21/01/2022 ismfrance.org  7 min #200937

Expulsions, démolitions : la résistance à Sheikh Jarrah (Vidéos)

Israël-Palestine : La critique européenne de la violence des colons pue l'hypocrisie

Joseph Massad, 19 janvier 2022. Au cours des derniers mois, la violence et la terreur infligées depuis des décennies par les colons juifs aux Palestiniens en Cisjordanie occupée ont suscité une attention nouvelle de la part des pays européens, y compris la Grande-Bretagne, et des médias européens et américains.

Ce qui restait de la maison des 18 membres de la famille Salhiyeh à Sheikh Jarrah, à Jérusalem occupée, après le passage des bulldozers des autorités d'occupation, le 18 janvier 2022 (source photo Quds News Network)

Alors que le Premier ministre israélien Naftali Bennett défendait les colons, qualifiant les attaques de « phénomène insignifiant », deux membres juifs de la Knesset ont invité le mois dernier les ambassadeurs européens à assister à une conférence sur le fait que ce sont l'UE et les organisations de gauche palestiniennes - et non les colons juifs - qui sont les « instigateurs de la violence en Judée et Samarie ». Les membres de la Knesset ont accusé l'UE d'antisémitisme et de « diffamation » pour avoir dépeint les colons juifs comme les coupables.

Bennett, qui s'était fièrement vanté d'avoir « tué beaucoup d'Arabes », est un nationaliste de droite qui partage la vision expansionniste des dirigeants des colons, ayant juré de continuer à agrandir les colonies existantes.

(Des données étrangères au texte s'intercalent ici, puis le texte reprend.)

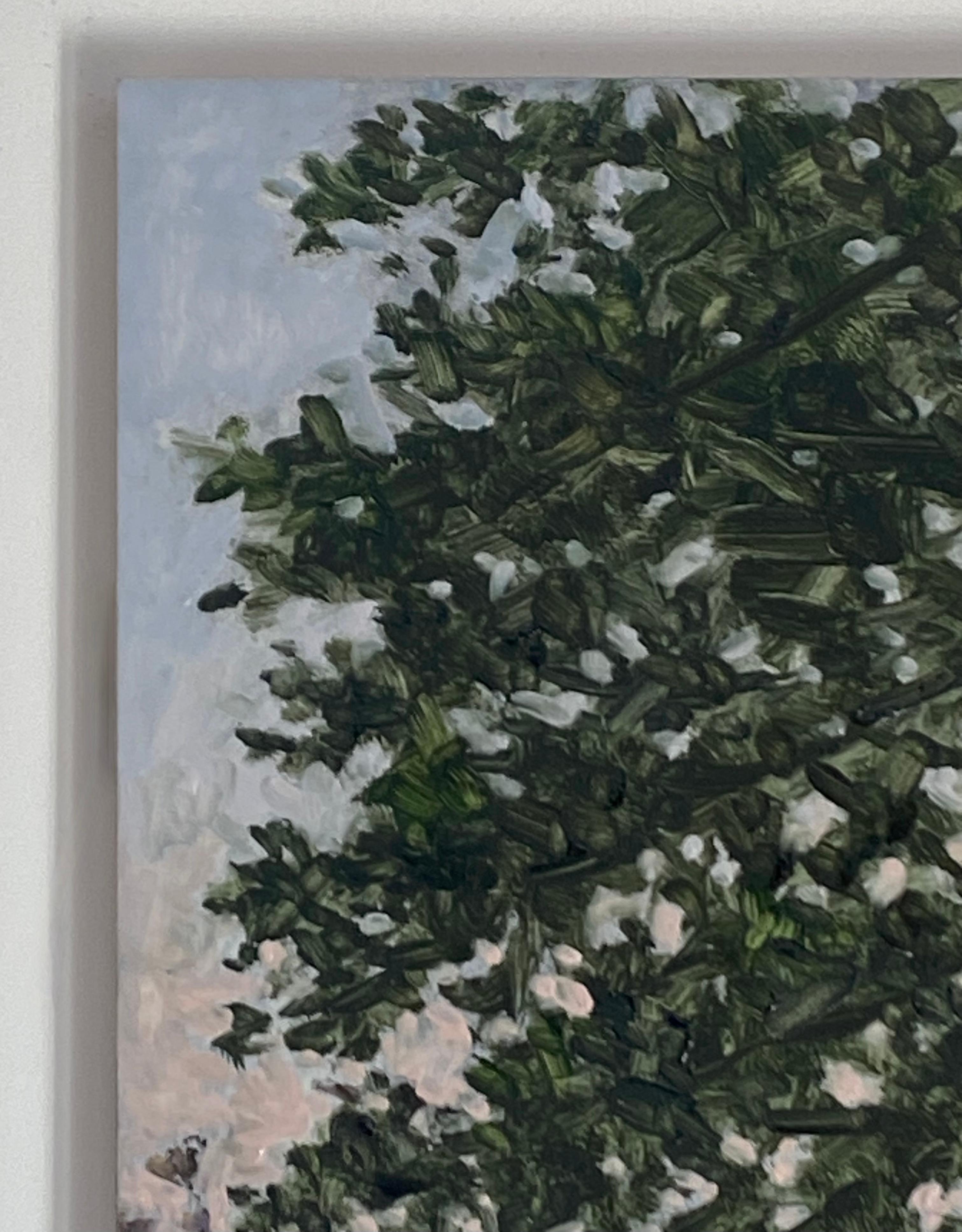 Pittura di campo del 15 settembre 2022, fiori di campo viola lavanda, albero verde Hunter - Landscape Painting Nero di Thomas Sarrantonio
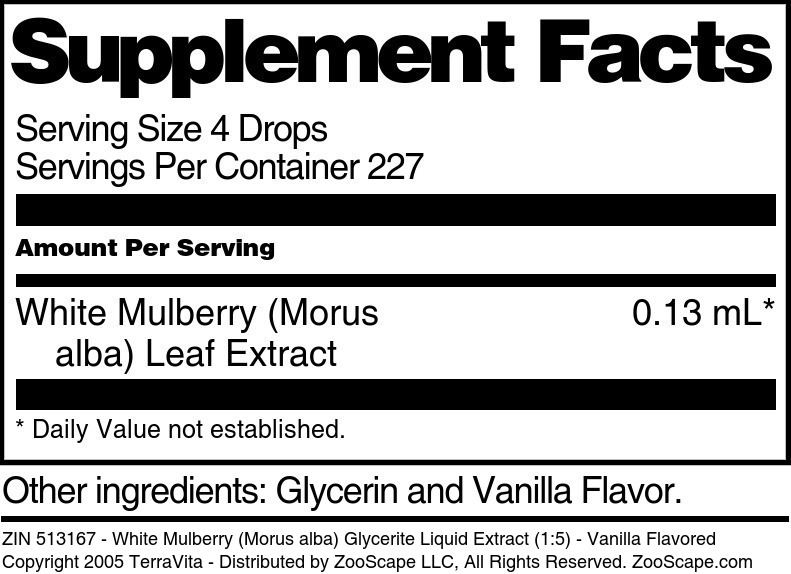 White Mulberry (Morus alba) Glycerite Liquid Extract (1:5) - Supplement / Nutrition Facts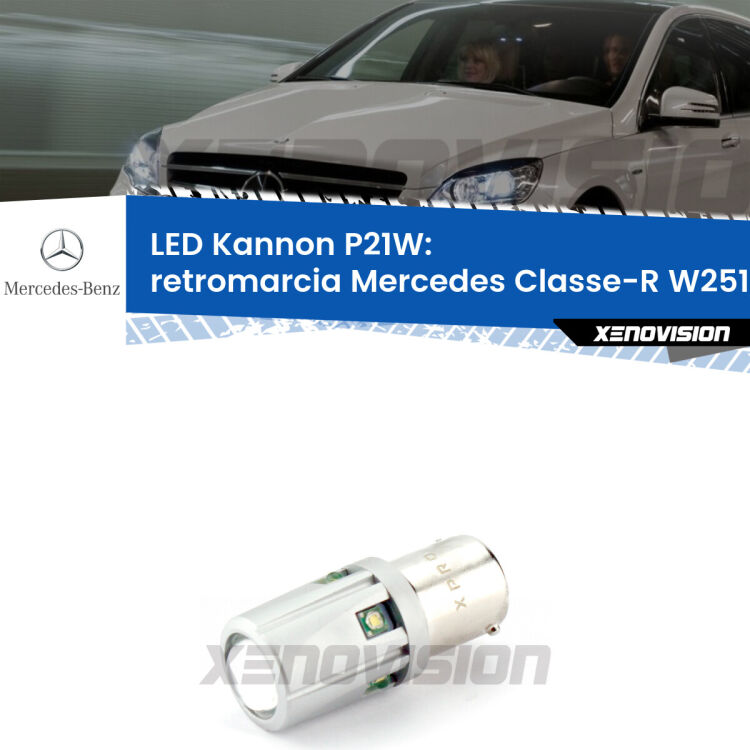 <strong>LED per Retromarcia Mercedes Classe-R W251, V251 2006 - 2009.</strong>Lampadina P21W con una poderosa illuminazione frontale rafforzata da 5 potenti chip laterali.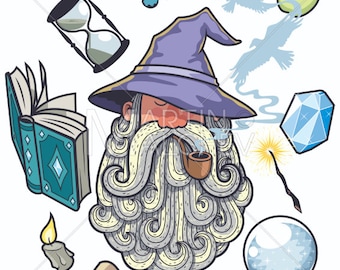 Wizard Portrait - Vector Cartoon Clipart Illustration. mago, hechicero, conjuro, magia, merlín, gandalf, sombrero, barba, personaje, fantasía,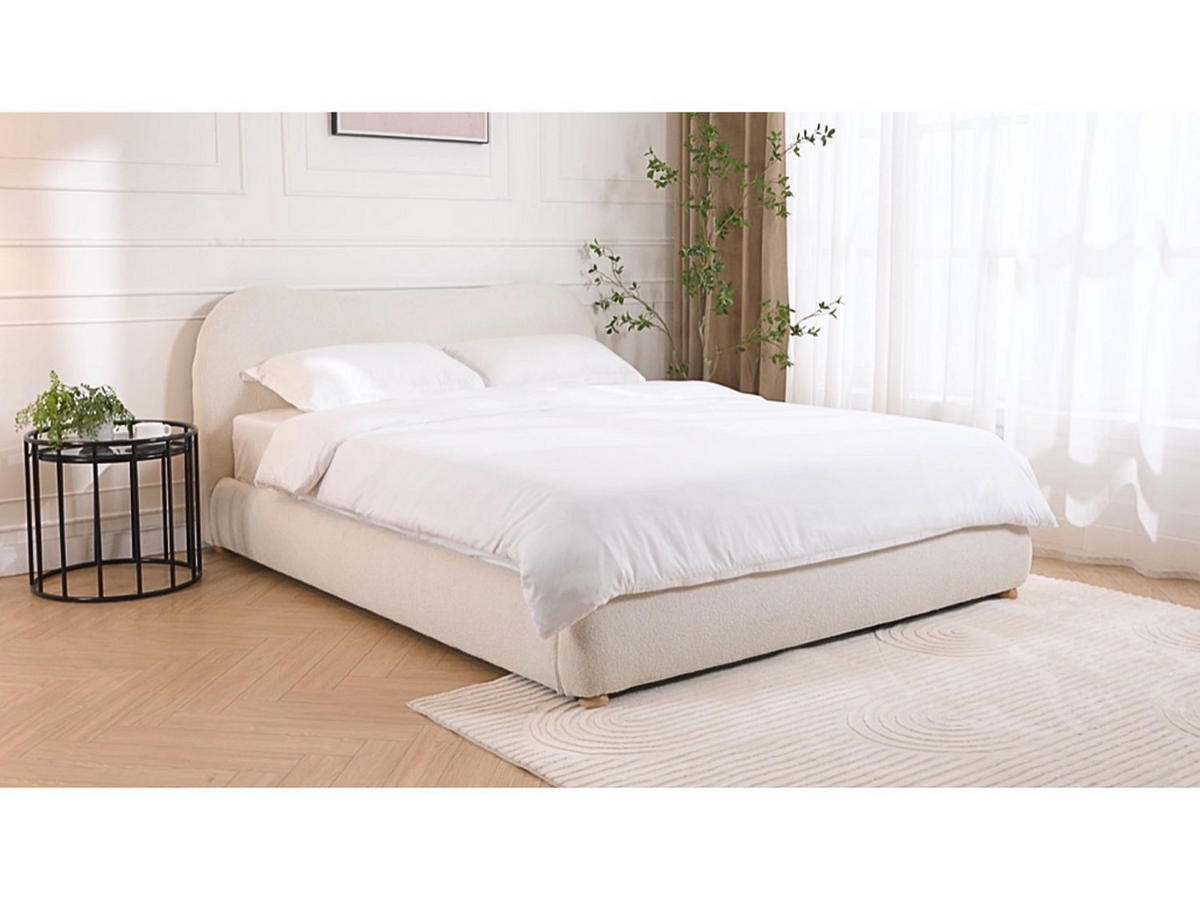 BETT mit Bettkasten - 1 Person - Stoff - Weiß - - Weiß, Textil (120/190cm) - Vente-Unique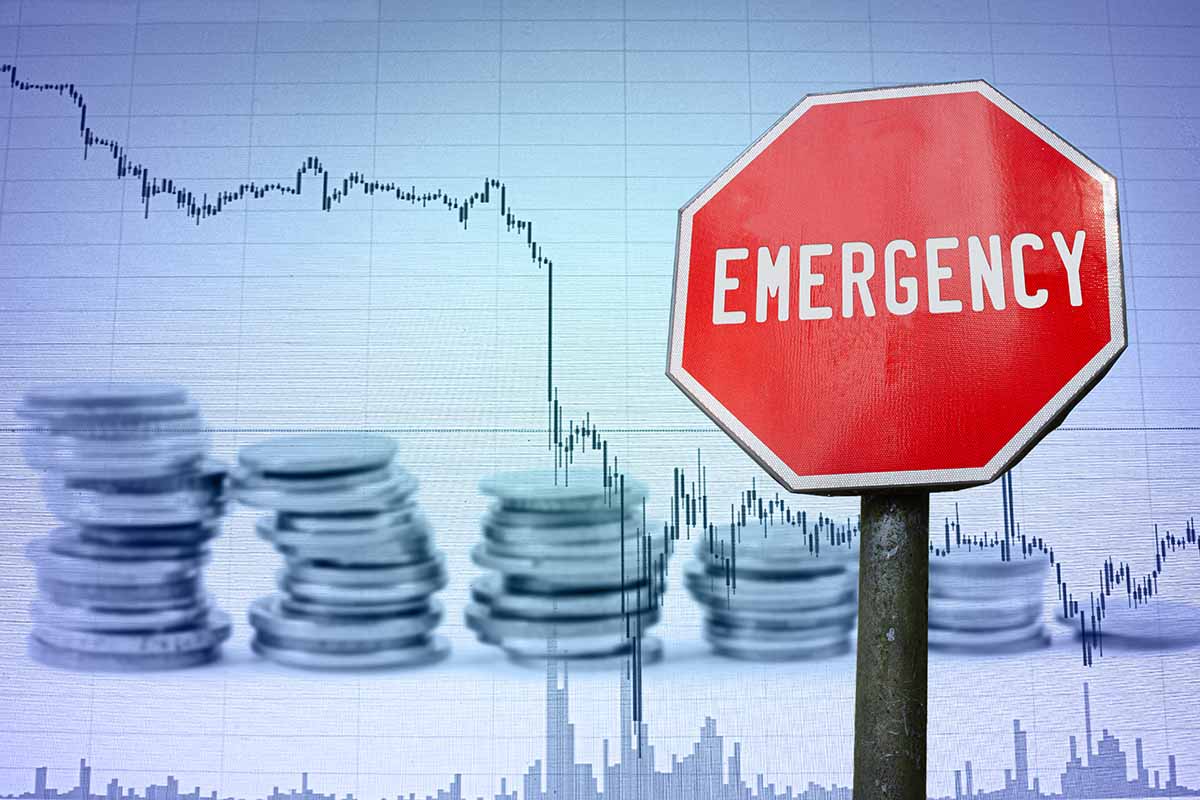 financial emergency stop sign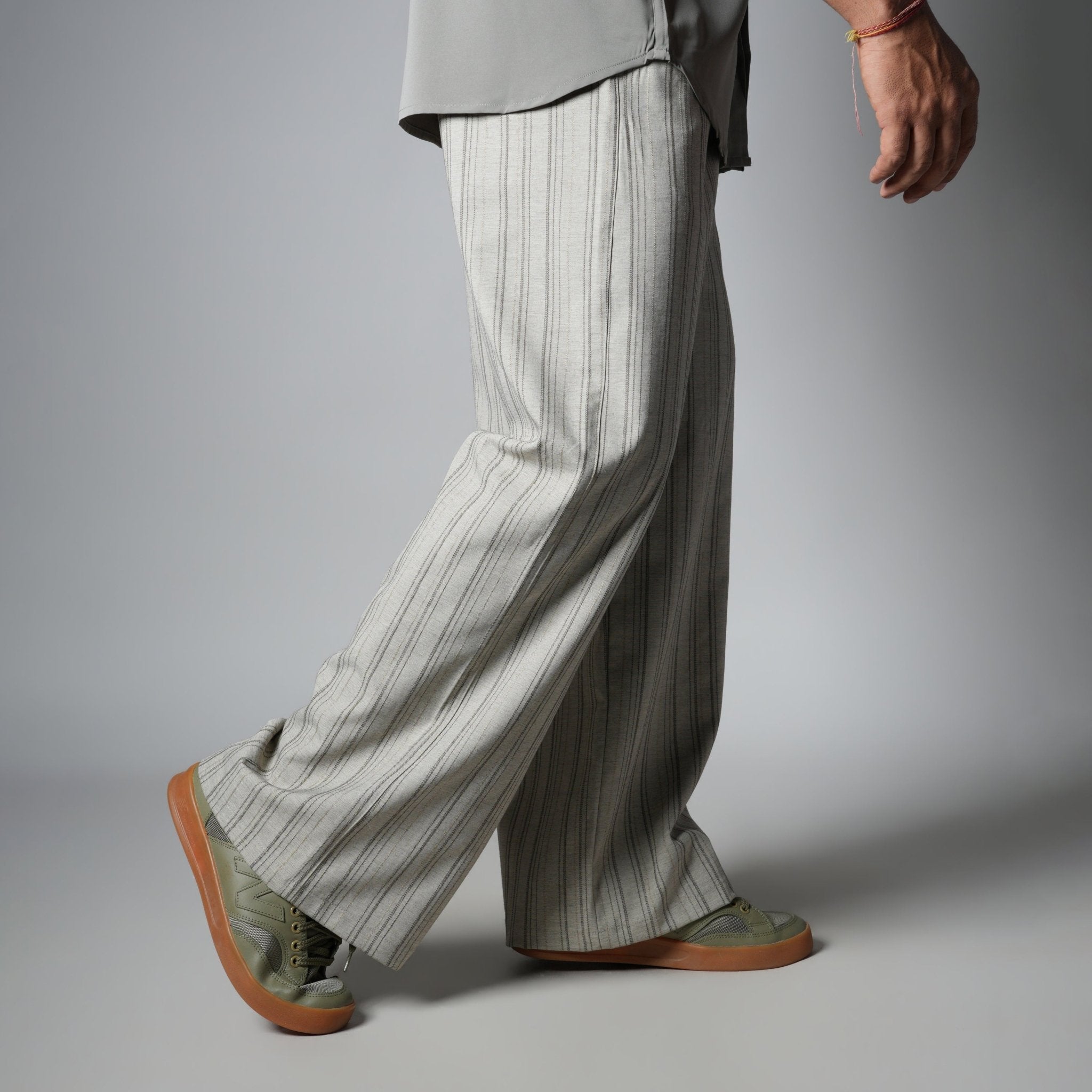 IVORY PINSTRIPE WIDE PANTS - Hophead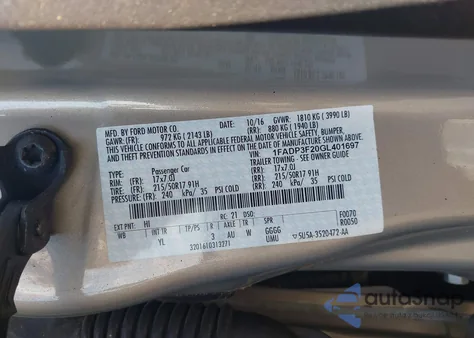 2016 Ford Focus Se z USA, uszkodzony, nr VIN 1FADP3F20GL401697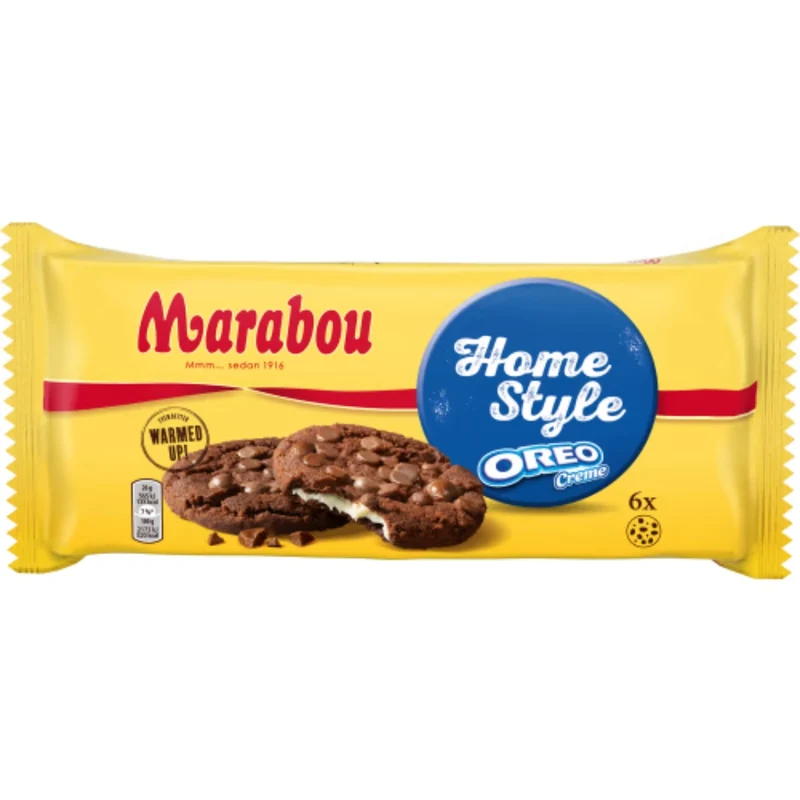 Marabou Oreo Creme Homestyle Kakor - Crispy Chocolate Cookie with Dark Chocolate Chunks and a Oreo Vanilla Cream filling 156g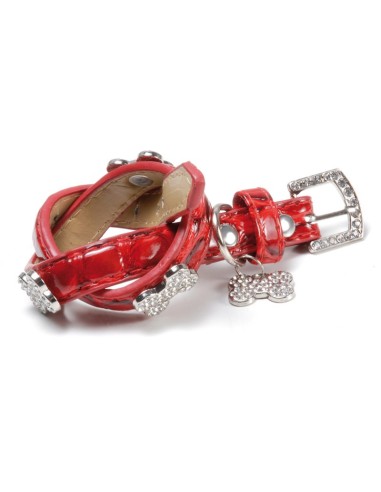 Faux leather dog collar coco printed with rhinestone - Record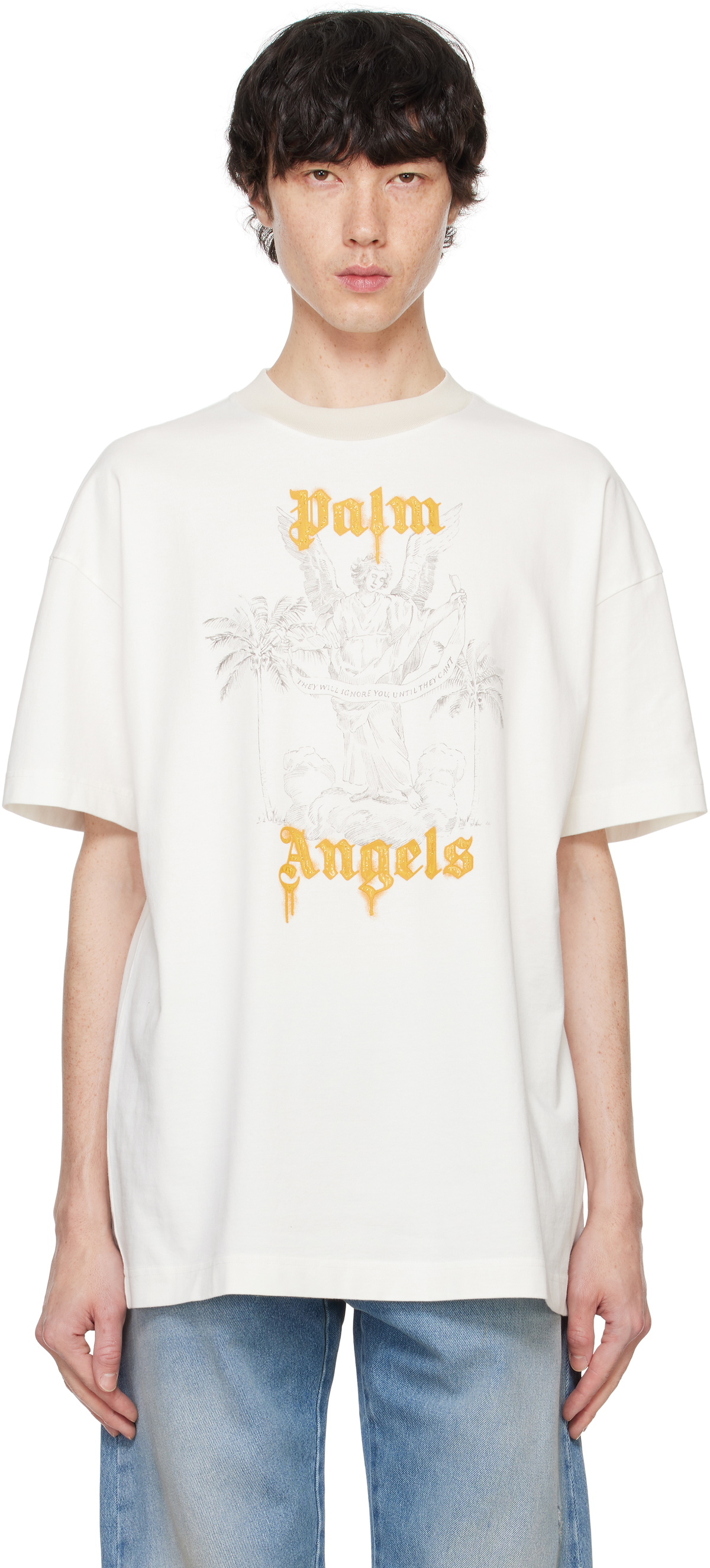 【Palm Angels】Tシャツ - 白 Curved logo Oversize T-shirt in OFF WHITE - BLACK for Men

Ses opinions ne sont pas incompatibles avec celles d'une grande partie de l'armée israélienne. Selon le Guardian : « Les experts ont estimé en 2016 qu'entre un tiers et la moitié des élèves officiers de l'armée épousaient le sionisme religieux, le credo des colons les plus idéologiques. »

L'UE et le Royaume-Uni ont fait beaucoup de grandes déclarations au fil des ans pour condamner la « violence » des colons juifs, à tel point qu'en 2012, puis en 2014, l'UE a envisagé d'inscrire les colons « violents » sur une liste noire et de leur interdire l'entrée dans l'UE. Notez que le vol des terres palestiniennes par les colons n'est pas considéré comme un acte violent par l'UE.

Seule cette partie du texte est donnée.